Selon Bourdieu, un chercheur pouvait accepter un financement sur projet, mais à la condition expresse de réemployer ensuite les informations recueillies à cette occasion dans le cadre d’un programme de recherche construit en dehors et à côté des prescriptions contractuelles. Ainsi, l’étude sur les maisons Bouygues est devenu un livre sur l’imparfaite explication des faits sociaux par l’économie orthodoxe.

Pierre Bourdieu et ses collègues ont pratiqué ce type de détournement transgressif à une époque ou les commanditaires laissaient souvent faire. Aujourd’hui, les clauses de confidentialité sont surveillées par des juristes. L’acharnement à contrôler tend à réduire la recherche à une prestation conforme au contrat qui l’encadre. La quête de savoir est hypothéquée par une bureaucratie qui semble déjà savoir ce qu’il faut chercher. Elle tend à éliminer tout ce qui n’est pas inscrit dans les axes prioritaires de la politique de recherche.

Penseurs résistants

Pour résister, il faut évoquer la figure de penseurs qui, tout autant que Pierre Bourdieu, ont défendu l’autonomie de la recherche. On pourrait citer Socrate, Abélard, Copernic et bien d’autres, mais j’ai choisi quelques auteurs plus inattendus dans le champ des sciences sociales et des humanités.

Norbert Elias dans La société de cour, (page 100-107 de la traduction française) lance une invitation pressante à ne pas instrumentaliser le savoir lorsqu’il écrit :

« Produire l’analyse sociologique d’une situation, c’est mettre provisoirement en suspens toutes les connaissances socialement utiles en cette situation. Pour vendre, le commercial est obligé de se persuader de la valeur de ce qu’il vend et de développer de l’empathie pour ses clients ; pour bien fabriquer, l’artisan est obligé de se sacrifier à son art et de satisfaire à toutes ses exigences ; pour triompher, le soldat doit ne songer qu’à la bataille et le courtisan doit analyser chaque situation, afin d’éviter toute occasion de se dévaloriser face à autrui. Les connaissances instrumentales utilisées en vue d’atteindre des buts pratiques sont aussi des croyances typiques d’une position sociale. Elles ont un effet en retour d’enfermement du sujet connaissant dans les limites de sa condition ; elles renforcent l’ajustement du champ de conscience à une position dans le monde. C’est pourquoi toute investigation sociologique sérieuse sur le milieu social où l’on vit, commence par l’examen et l’explicitation des savoirs localement utiles. Cette explicitation n’est complète qu’au prix du renoncement aux avantages qu’on en pourrait tirer si l’on s’en servait, au lieu d’en montrer les déterminants. »

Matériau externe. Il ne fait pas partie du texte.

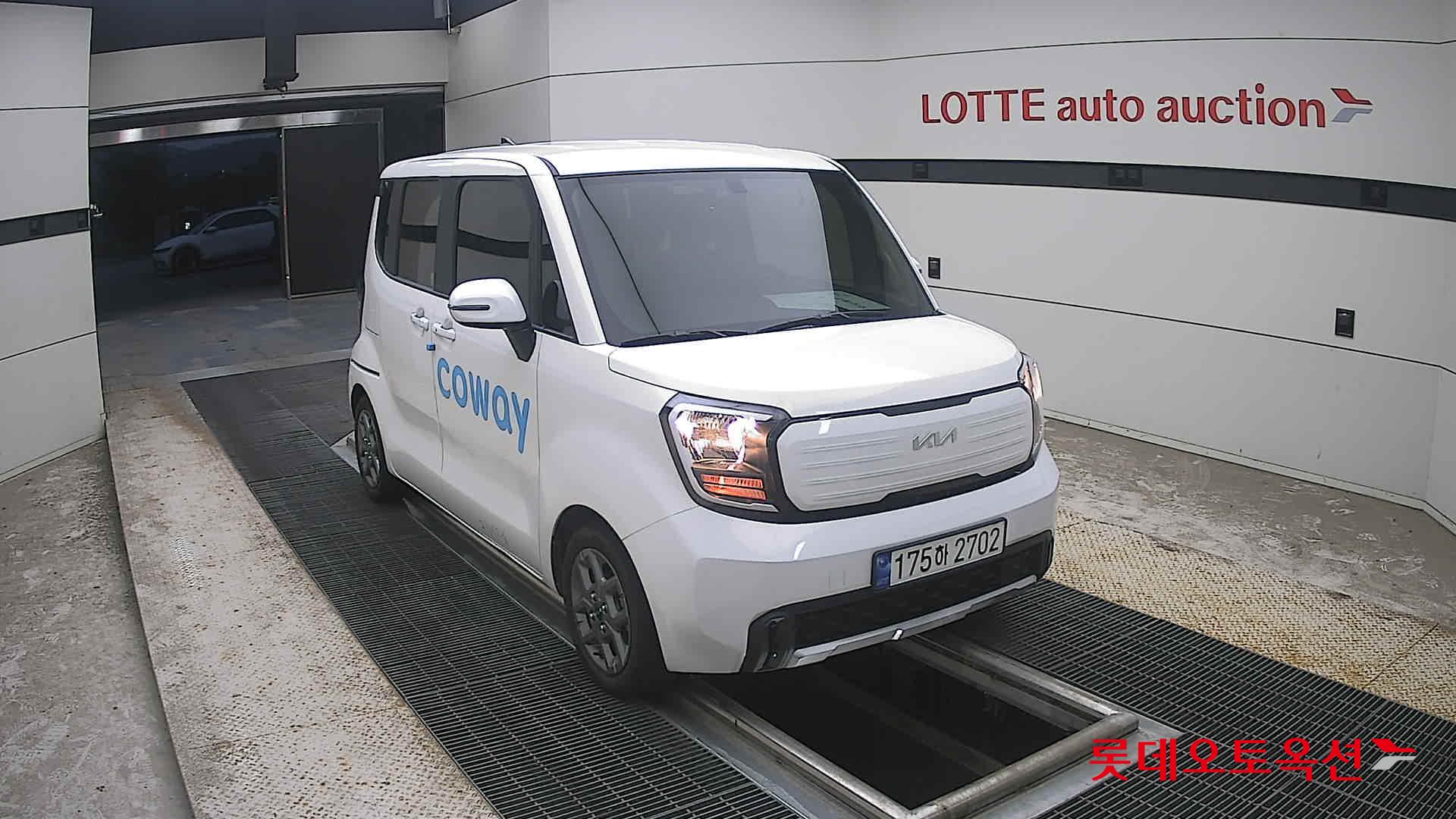2023 - kia ray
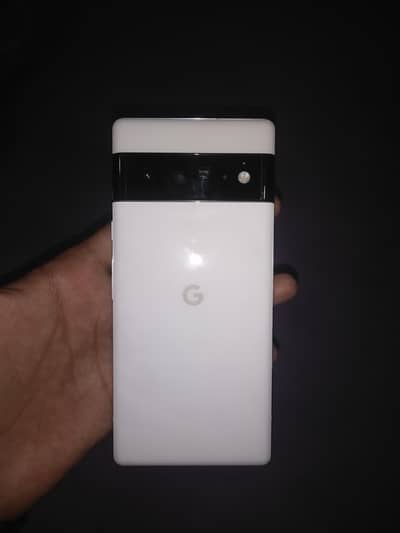 Google Pixel 6 Pro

James G. March, alors Doyen de l’Université d’Irvine en Californie écrit en 1967 :

« Une université n’appartient à personne, c’est une association d’hommes libres au sein d’une société destinée à encourager les traditions vénérables de l’étude. Une université n’est pas une agence du gouvernement. Les professeurs et le personnel ne sont pas des serviteurs de l’État, ils ne sont les serviteurs de personne. Ils servent un idéal et des traditions d’apprentissage qui ne sont subordonnés ni à un employeur, ni au titulaire d’une charge publique, ni à un parti quelconque. Un étudiant n’est pas un adolescent attardé, c’est un adulte intelligent et productif. Sa motivation est de permettre un futur meilleur, si possible avec l’aide de ses aînés, de ses enseignants, de ses parents et des gouvernants, mais sans eux si nécessaire. Une université ne peut être l’objet d’une négociation. C’est aux responsables politiques de décider s’ils sont prêts à en payer le prix. Quant à sa nature, il n’appartient à personne d’en décider. C’est une tradition dont nous avons hérité et dont nous assumons d’être les dépositaires. »

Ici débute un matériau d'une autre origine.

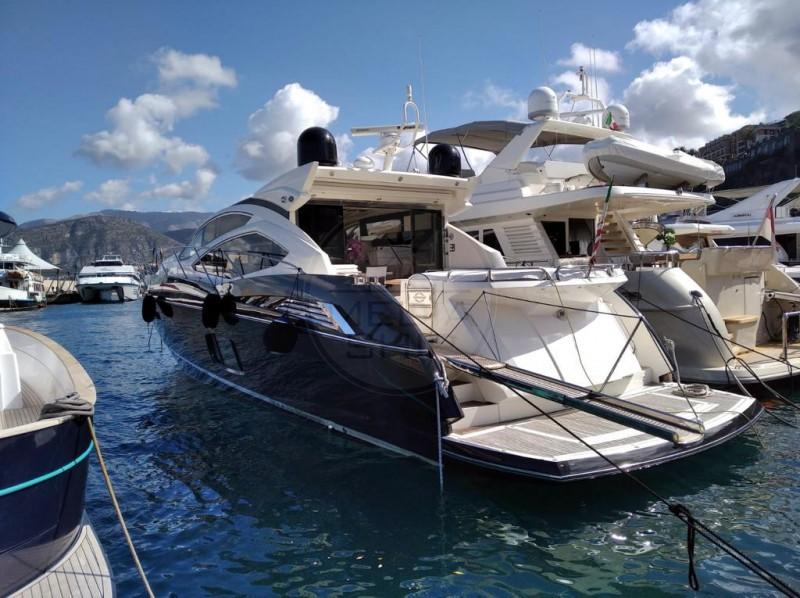 sunseeker 64 predator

Ce qui se passe dans la recherche française aujourd’hui est la simple et triste reproduction de ce qu’ont vécu les universitaires américains. L’appel à l’autonomie de James March doit être réactivé chaque jour, comme dans cette saisissante déclaration de Lewis A. Coser lors du congrès de l’American Sociological Association en 1990 :

« Nous vivons une crise sans doute au moins aussi profonde que celles auxquelles nos pères sociologues et politiques ont du faire face, mais il est difficile de comprendre que c’est le cas si l’on consulte les derniers numéros de l’American Sociological Review et les autres grandes revues de la discipline. En fait, même s’il existe des exceptions honorables, en matière de pensée critique, nous sommes souvent contraints, tout comme dans la technologie électronique, de compter sur les importations : Habermas, Giddens ou Bourdieu servent de substituts aux produits critiques indigènes manquants. »

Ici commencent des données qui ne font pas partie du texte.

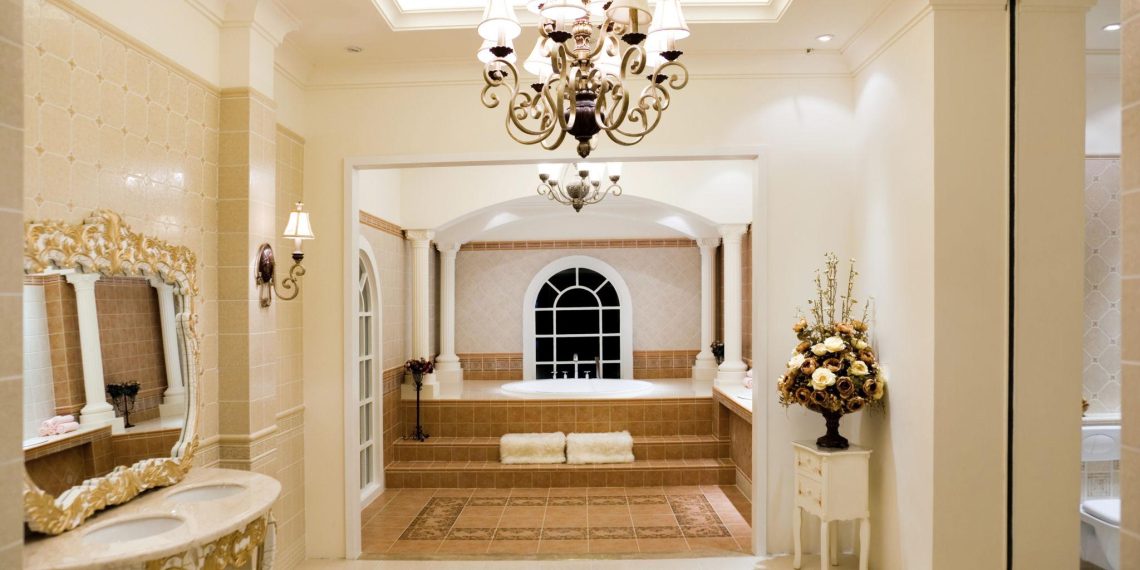 bathroom lighting ideas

Le travail de recherche critique est la base indispensable à une éducation à l’esprit critique et, comme l’écrit la philosophe Martha Nussbaum dans son livre Not for profit. Why Democracy Needs the Humanites (2010) :

« Il n’y a pas à choisir entre une éducation tournée vers le profit et une éducation tournée vers une bonne citoyenneté. Une économie florissante exige ces talents mêmes qui soutiennent la citoyenneté : les défenseurs de ce que j’appelle “l’éducation tournée vers le profit » ou, pour le dire plus précisément, l’éducation tournée vers la croissance économique, ont une conception appauvrie des moyens qui permettent d’atteindre leur but”. »

J’ai réservé le dernier mot à Howard S. Becker qui, dans une conférence qu’il a donné en 2003 à l’European Sociological Association à Murcia déclarait :

« Essayer de rendre la sociologie pertinente la rendra inévitablement et nécessairement insignifiante. Pourquoi ? Parce que nous examinerons les problèmes tels qu’ils ont été formulés par les autres. […] Faisons les meilleures recherches possibles et ne nous inquiétons pas de savoir si quelqu’un trouve nos résultats utiles. C’est la meilleure façon de produire des connaissances qui seront utilisables, un jour, si quelqu’un est prêt à les essayer. »

Ce sont aujourd’hui les chercheurs américains qui portent la critique et c’est la recherche européenne qui est prise à son tour dans une gangue de conformisme. Il faudrait réagir alors même que, dans la pratique, c’est le nombre et le montant des contrats signés qui devient le critère réel d’évaluation des chercheurs et qui prend le pas sur la lecture et la discussion de leurs travaux.

L’article de Clémentine Gazlan sur les débats qui ont présidés à l’établissement des critères d’évaluation de l’Agence d’Evaluation de la Recherche et de l’Enseignement Supérieur (AEReS) montre à quel point la communauté des chercheurs en SHS est divisée face aux injonctions technocratiques.

Un acte de recherche véritable ne peut se faire que le regard tourné vers le futur, dans l’indifférence aux injonctions du moment et quoi qu’il en coûte. La production de connaissances nouvelles ne peut être un acte anodin, une simple étape dans une carrière fonctionnarisée, une simple réponse à une offre de financement. Il faut vaincre la résistance du réel et ça peut faire mal, y compris au chercheur lui-même. C’est en ce sens qu’on peut dire, encore aujourd’hui, que la recherche est un sport de combat.